General Motors chief executive Mary Barra is heading to hostile territory: Capitol Hill.
The automaker’s plans to close four US plants has turned GM into “the most thoroughly disliked company in Washington, DC, right now,” Debbie Dingell, a Democratic member of the House from Michigan, said last week.
Barra will aim to change that in her meetings with members of Congress, which are scheduled for Wednesday and Thursday, according to a person familiar with discussions.
She will sit down with congressional delegations from each of the three states where the targeted plants are located — Michigan, Ohio and Maryland.
“I look forward to continuing our engagement with GM,” said Senator Rob Portman, Republican from Ohio, where the company said it plans to shut its 52-year old facility in Lordstown. “I hope the company sees the incredible potential in this plant by keeping it open.”
GM said it needs to cut about 8,000 salaried workers, as well as about 3,300 hourly workers at the four US plants, to cut costs and invest more in the next generation of electric and self-driving cars.
The plants currently slated to close are in Lordstown; Detroit and Warren, Michigan; and Baltimore.
The plans to shutter the plants has caused a backlash on both sides of the aisle.
“This company has done something that nobody else has done for the last two years — Republicans and Democrats united,” said Dingell, a former GM executive.
In one example of that bipartisanship, Democratic Senator Sherrod Brown of Ohio, released a joint statement with Portman calling on GM to change its decision on the Ohio plant.
“Senator Portman and I are committed to saving these jobs and call on GM to work with us to find solutions,” said Brown.
The meetings come just as the Trump administration is pressuring European carmakers to increase production in the US — and asking Congress to ratify Trump’s replacement for the North American Free Trade Agreement, which the Trump administration hopes will attract manufacturing back to the United States.

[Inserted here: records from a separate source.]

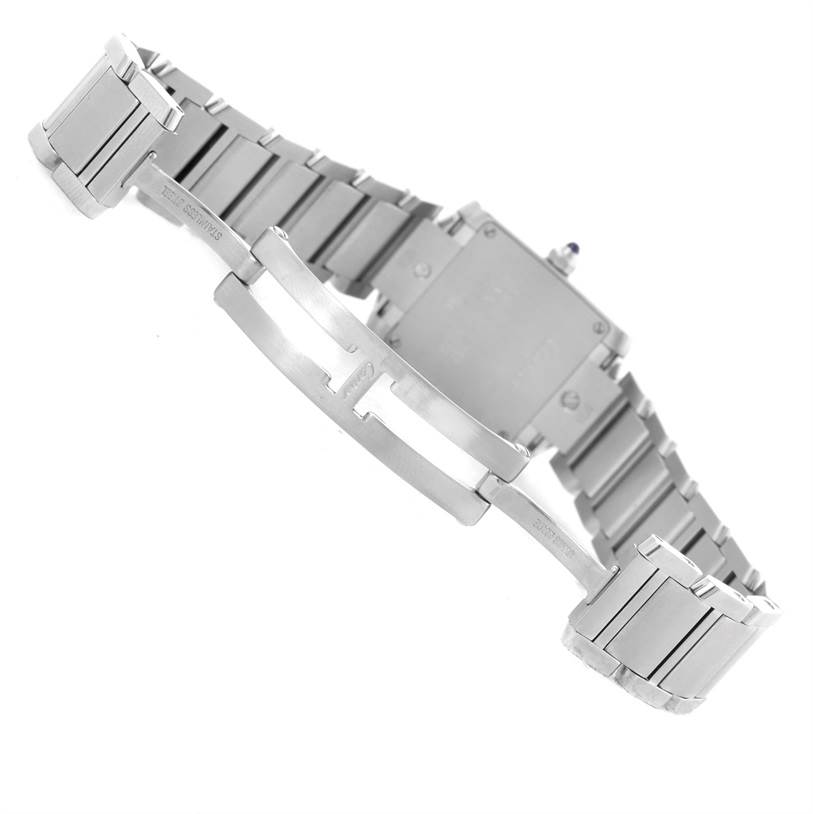 The image shows the back view of the Cartier Tank Francaise W51008Q3 Women's Stainless Steel Silver Dial W51008Q3 Women's Stainless Steel Silver Dial watch, highlighting its stainless steel bracelet and deployment clasp.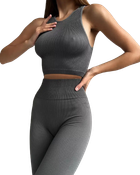 Топ в рубчик женский из микрофибры с открытыми плечами Giulia Halter Top RIB Poppy Seed S/M Серый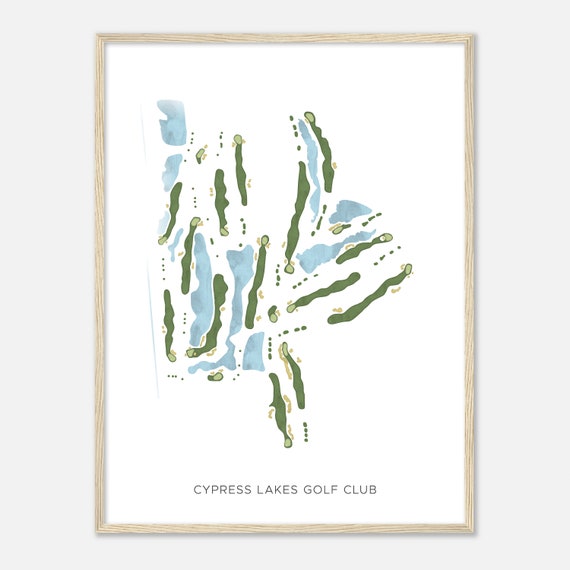 Cypress Lakes Golf Club Texas Modern Watercolor Map Golfer Gift Golf Wall Art Golf Poster Print Course Layout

Dingell said last week that she particularly wants to ask GM if it planned to build new plants in Mexico at the same time they are planning to close US plants.
“We need to get a far better understanding of what GM is up to. I don’t like what I’m hearing on the grapevine, which is that they’re going to move production to another country,” she said. “We need to understand what their product plans are.”
But GM has insisted it is not looking to shift production to other countries. Instead it will stop building the cars built at the Lordstown and Detroit plants, such as the Chevrolet Cruze, Impala and Volt, the Buick LaCross and the Cadillac CTS. engines for those models. GM says it’s dropping those products because there’s less demand for car models as car buyers shift to SUVs.
GM’s plans have also come under attack by President Donald Trump, who vows to take action to cut government subsidies going to GM as a way of forcing it to keep the plants open. Dingell said she would support Trump taking action against her former employer.
“I’m not sure they showed an ounce of support or caring for the working men and women who were impacted by this announcement,” she said.
But the money GM gets from government research grants and even from sales of cars to the federal government pales in comparison to the annual cost savings of $6 billion that GM says it will achieve with these cuts.